Francesco Rutelli sostiene che “per vincere l’Ulivo deve cambiare”. E si propone come l’unico in grado non di rappresentare la continuità rispetto al passato ma di saper proporre una valida ed innovativa ricetta di governo della sinistra per il futuro. Chi vive a Roma reagisce all’apodittica affermazione del candidato premier del centro sinistra rilevando che una predica proveniente da quel pulpito non può essere presa sul serio da nessuno. I sette anni di amministrazione della Capitale da parte di Francesco Rutelli passeranno alla storia come la più grande occasione perduta da parte di Roma dal Rinascimento in poi. Se Giulio II avesse potuto investire nella ricostruzione dell’urbe l’equivalente della massa di miliardi data al candidato premier del centro sinistra per il Giubileo della fine del secondo millennio, avrebbe fatto costruire un centinaio di cupole di San Pietro. Con tanta grazia di Dio, invece, Rutelli è riuscito a realizzare un “sottopassino” vicino a Castel Sant’Angelo, un parcheggio sotto il Gianicolo ed una ripulitura di alcune piazze del centro che in ogni caso sarebbe stata realizzata nel quadro della normale manutenzione della città con il maggior numero di monumenti del mondo. 
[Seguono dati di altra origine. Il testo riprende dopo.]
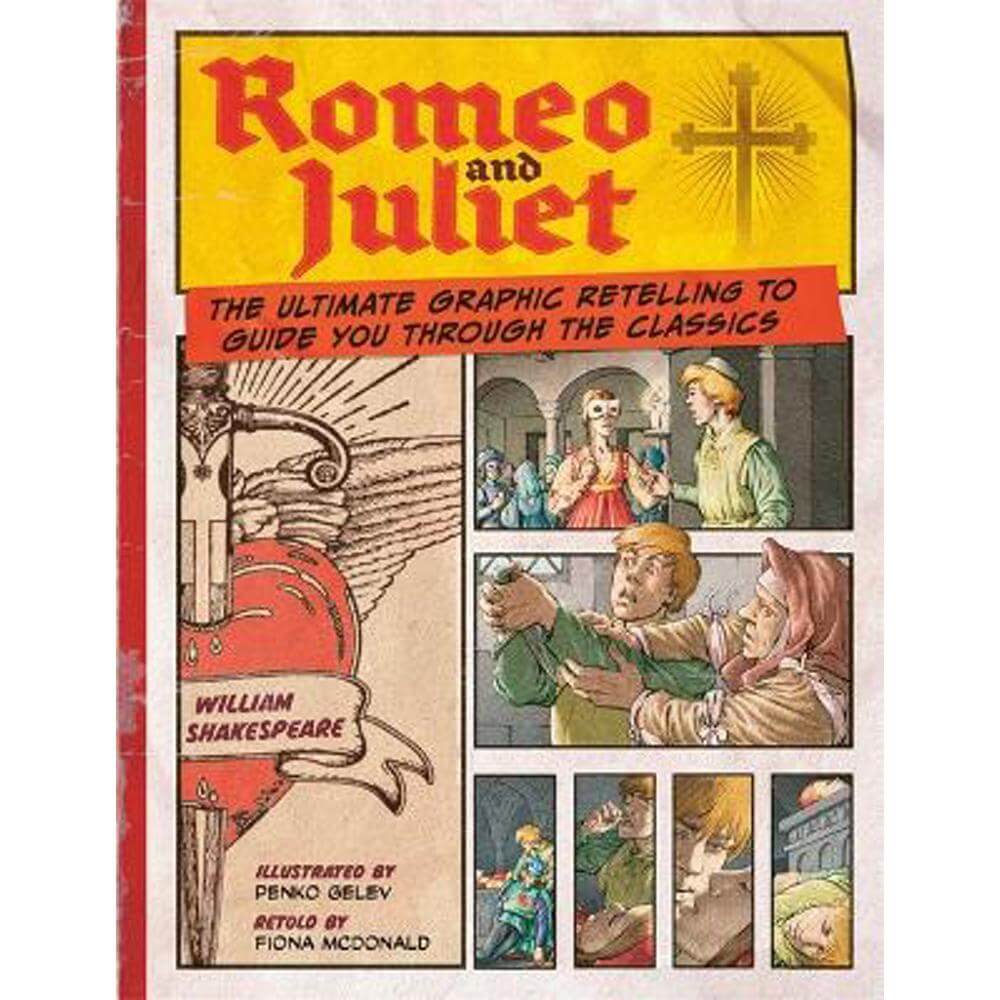 Romeo and Juliet: Classic Comics (Paperback) - Fiona Macdonald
Non c’era bisogno del tanto decantato “piacione” per ottenere risultati così ridicoli e sproporzionati rispetto all’importanza della città, dell’Anno Santo e della dimensione degli investimenti effettuati. Bastava un “brutto” qualsiasi e, senza l’ossessione di apparire ad ogni costo, avrebbe fatto molto meglio badando più alla sostanza che all’aspetto più sciocco della forma. Ma se i romani non hanno dubbi nel reagire con fastidio agli annunci di innovazione del candidato premier del centro sinistra, anche i non romani sono obbligati a tenere un atteggiamento analogo. A spingerli in questa direzione è lo stesso Rutelli con la sua singolare pretesa di porsi come l’uomo in grado di cambiare in senso positivo la politica del centro sinistra. Su questa bizzarra pretesa, infatti, gravano due contraddizioni di fondo. 
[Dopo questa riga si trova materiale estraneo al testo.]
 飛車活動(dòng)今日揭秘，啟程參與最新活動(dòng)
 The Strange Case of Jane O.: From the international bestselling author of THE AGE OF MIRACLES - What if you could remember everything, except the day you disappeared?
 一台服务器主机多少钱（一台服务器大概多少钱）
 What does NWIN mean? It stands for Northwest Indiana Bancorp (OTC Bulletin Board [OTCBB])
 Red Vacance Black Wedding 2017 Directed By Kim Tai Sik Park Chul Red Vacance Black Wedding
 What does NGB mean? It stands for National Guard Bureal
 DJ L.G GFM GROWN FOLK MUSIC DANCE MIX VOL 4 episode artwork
La prima è che se Rutelli vuole modificare la linea strategica e programmatica della propria maggioranza vuol dire che considera sbagliata quella portata avanti fino ad ora. In un colpo solo, in sostanza, il sindaco di Roma condanna ed azzera l’operato di Romano Prodi, Massimo D’Alema e Giuliano Amato. E fornisce il più significativo ed autorevole avallo alla campagna elettorale di Silvio Berlusconi tutta impostata sulla necessità di operare un radicale cambiamento rispetto all’operato del centro sinistra. La seconda contraddizione è la diretta conseguenza della prima. Se è lo stesso candidato premier del centro sinistra a bocciare l’esperienza di governo del centro sinistra, non si vede perché gli italiani dovrebbero tornare a dare fiducia ad uno schieramento che non convince neppure il suo principale rappresentante.Forse perché Rutelli promette che si comporterà così come si è comportato a Roma? Chi ha dubbi in proposito tenga sempre in mente il paragone con Giulio II. E si regoli di conseguenza...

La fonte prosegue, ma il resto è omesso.